En su probador, Aurora guarda el móvil en el bolso. En cuyo interior sigue la camisa que ahora recibe el impacto de dos lágrimas, una detrás de otra. La camisa...La saca y, con mucho cuidado, la deja colgada en la percha. Durante unos segundos hunde su cara en ella, siente su textura, su olor...y llora un poco más. En silencio. Luego respira tres veces, corre la cortina, sale a la tienda y echa a andar hacia la salida. Os podéis imaginar cómo lleva los ojos: rojos, rojos como Marte.

La señora  pasa ante Richar que, al verla, piensa que no es la misma de hace un rato. Es como si en el probador hubiera sufrido una metamorfosis. Su sexto sentido le dice ahora a Richar que ahí no hay peligro, así que cambia de idea sobre la marcha, y no la para, ni le dice que le enseñe el bolso y toda esa mierda... Para su alivio, los detectores no suenan cuando ella sale a la calle, así que mejor que mejor. Y como se está echando ya la hora de cierre, opta por coger al toro por los cuernos, se da media vuelta  y se dirige a Nekane, decidido a invitarla a un cafecito.

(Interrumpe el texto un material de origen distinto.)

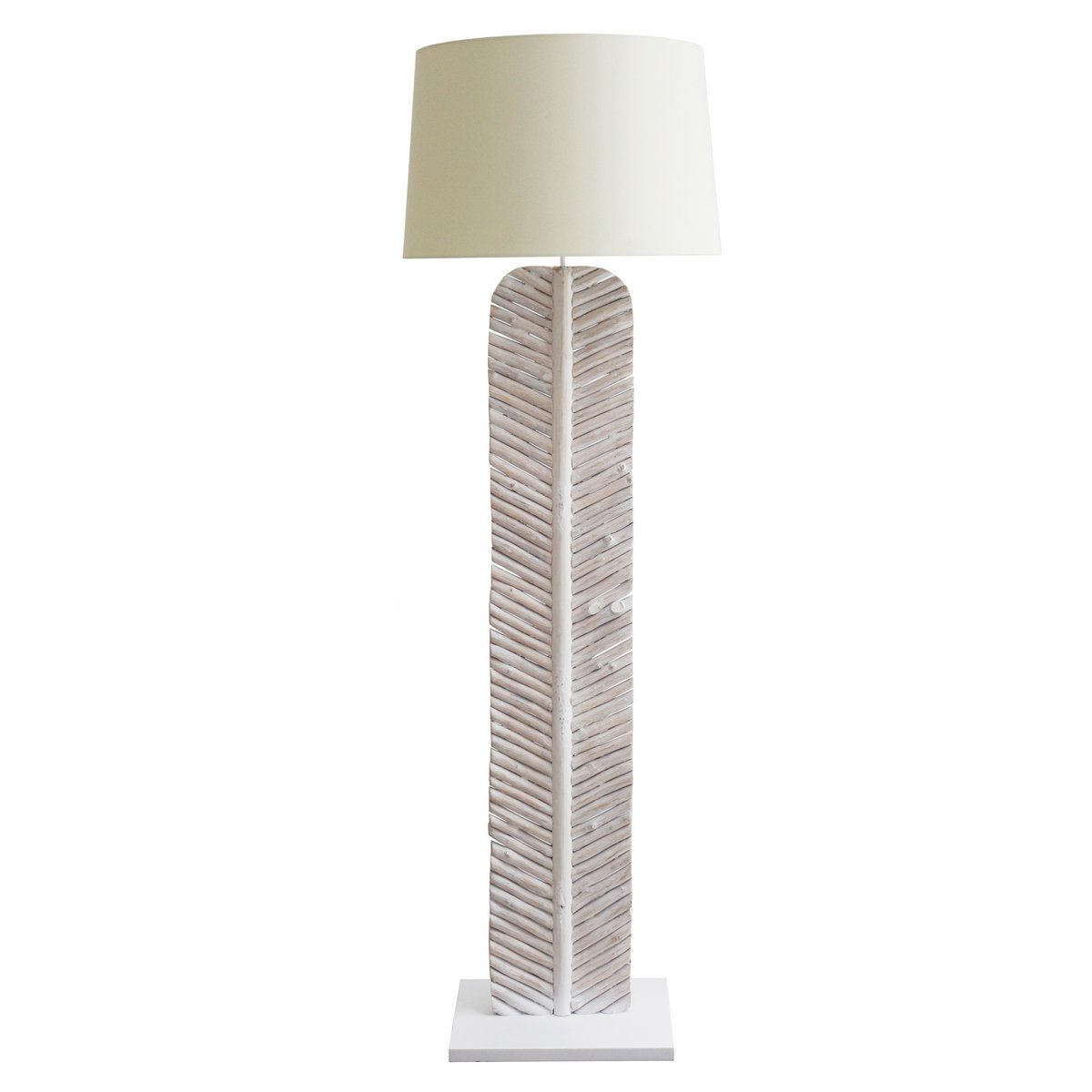 Stehleuchte Treibholz Weiß 175 cm – Bild 3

Nekane ve acercarse a Richar y flipa con lo del café y piensa si haber dicho sí  demasiado rápido no le habrá delatado un poquito. Pero bueno, a lo hecho, pecho. Y cuando en la cafetería  le cae encima toda la verdad, y nada más que la verdad,  del segurata no da crédito.  Ella, que se creía  un lince en este tipo de cosas. Pues ya ves... aquí, ni flores. Que no se ha koskao de nada, vaya. Porque, vamos a ver...el tío no tiene ni un miligramo de pluma...¿cómo iba a imaginar?..si hasta estaba convencida de que la miraba con...con... Es que es alucinante. Y aún con todo le gustaría seguir ahí hablando un rato más, porque está a gusto con él, pero es que ha quedado con Chu Lo. Y ya llega tarde.

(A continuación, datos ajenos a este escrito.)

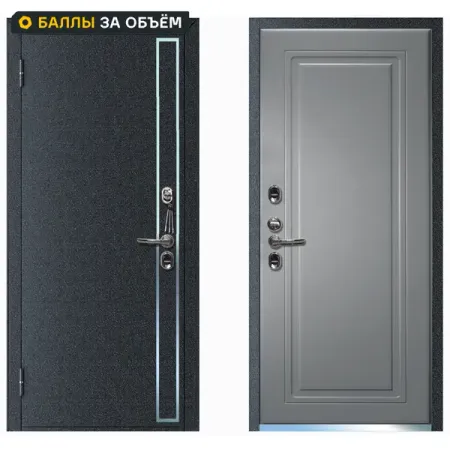 Дверь входная металлическая Термо Профи 96x205 см левая серый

Chu, por cuya sangre navegan genes de una paciencia milenaria, lleva un rato en las fuentes de la plaza Circular soportando estoicamente a un grupo inca o guaraní o cheyenne o lo que diablos sean tocando frente a él canciones deprimentes surgidas de la noche de los tiempos cuando, por fin, llega Nekane. La recibe con un kaixo y un beso en los labios. Y los dos se agarran de la mano y, perdiéndose entre la gente,  bajan hacia el Casco Viejo hablando de sus cosas.

Y justo en el centro del Puente del Arenal se cruzan contigo, que ni los ves.